The McClean family’s grieving is likely to lead to more pressure on the Postal Service to, at the very least, put license plates on their trucks so that they can be tracked for parking infractions and moving violations. Because the Postal Service is a federal agency, they are not subject to fines by local governments — but that doesn’t mean they can’t be monitored, suggested Council Member Keith Powers.

Arkim McClean, the brother of Charles McClean.
Arkim McClean, the brother of Charles McClean.

“The issue is simply there are so many vehicles out there breaking the rules,” said Powers, a Manhattan lawmaker who tangled with the USPS over parking issues in his district, and raised the issue again at an unrelated City Council hearing on April 29. (Video at 1:35:00).

“Why do they get to play by their own rules. The city’s view is they have to comply. They view it differently,” Powers added. “We are trying to fix issues such as reckless driving or parking and to have a government agency doing whatever it wants sends the wrong message. They should live like the rest of us. The government shouldn’t be doing what we tell everyone else not to do. It’s an obxious way to behave.”

In the wake of McClean’s death, family members said they wondered if there were other victims out there. Good luck finding out, the NYPD said.

“If there’s a crash involving a truck, we don’t designate whether it was a UPS truck, a Postal Service truck, a FedEx truck or Mr. Smith’s truck. It’s just truck,” an NYPD spokesman told Streetsblog. We got no further answer when asked if the agency has an official policy on handling the unique challenges of enforcement against the Postal Service.

But a traffic enforcement officer told Streetsblog that his commanding officer told him not to bother even writing tickets when he sees USPS trucks parked in bike lanes, parked illegally, blocking crosswalks or doing other dangerous things that New Yorkers see every day.

“They drive terribly,” the enforcement officer said. “I want to give them tickets, but they don’t have to pay them so my C.O. said it’s a waste of my time. He’s right, but it makes me feel like I’m not doing my job.”

But it must be someone’s job to oversee the Postal Service. Or maybe not. A spokeswoman for the Postal Service Inspector General said the oversight office does not monitor the Postal Service for driver safety records or summonses. A 2012 audit — the last of its kind — focused on whether supervisors in the agency’s 23 divisions “completed the required minimum [safety] observations” of drivers. None of the managers at the postal service regions did the minimum — and seven regions did not do any safety observations at all (the audit is redacted so it is impossible to know which regions had the worst records; Streetsblog has submitted a Freedom of Information Law request for the unredacted report).

The House Oversight Committee — whose portfolio does include the Postal Service — did not respond to requests for information about whether it examines USPS driving records.

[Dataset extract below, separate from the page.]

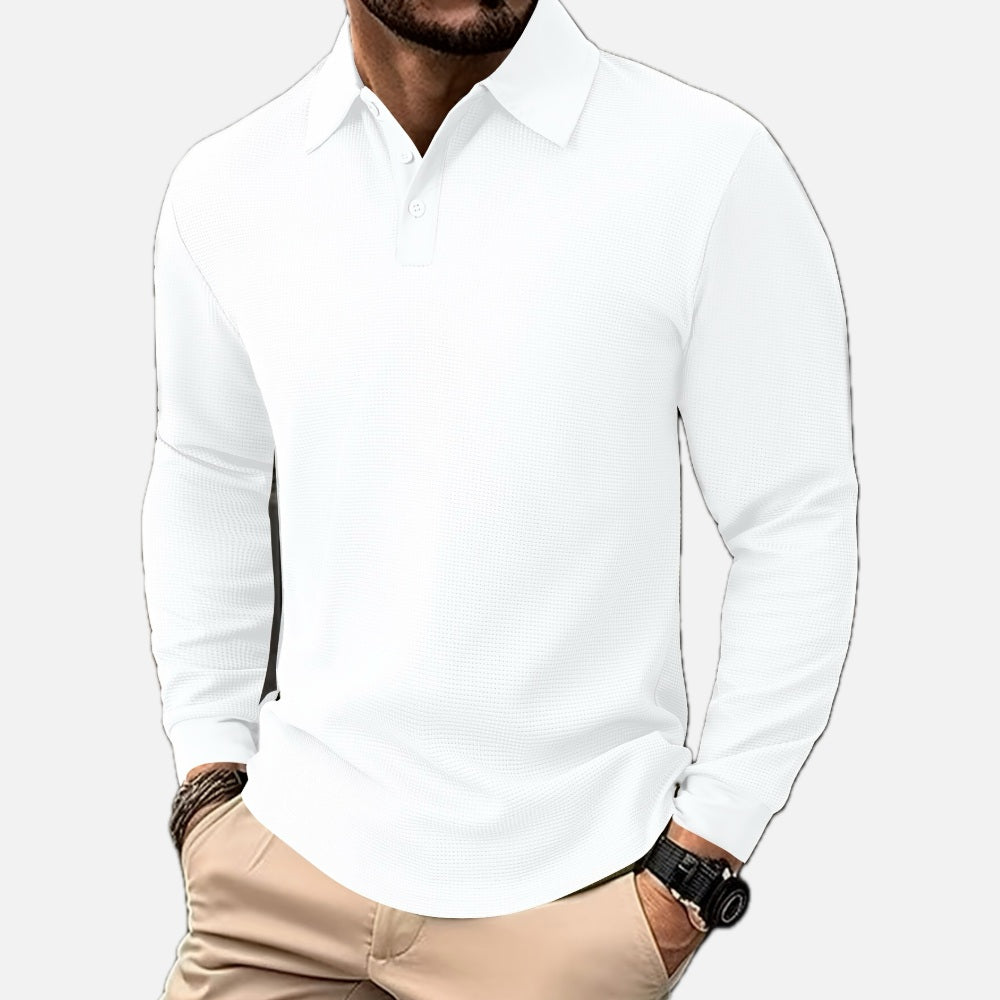 Nash Carter Waffle Henley - White - view 1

Streetsblog asked the Postal Service for extensive information about its safety records, but for now, the agency could only say it is “cooperating with the NYPD investigation” of the death of Charles McClean, who was dragged by a Postal Service truck last Friday as he returned from a corner story, cops said. The preliminary investigation showed that the driver of the truck was looking left at oncoming traffic and inching up through the crosswalk. Once the traffic subsided, the driver started moving without looking. Had he looked, he would have seen McClean in front of his truck.

“We cannot say more because it is an ongoing investigation,” said USPS spokeswoman Maureen Marion.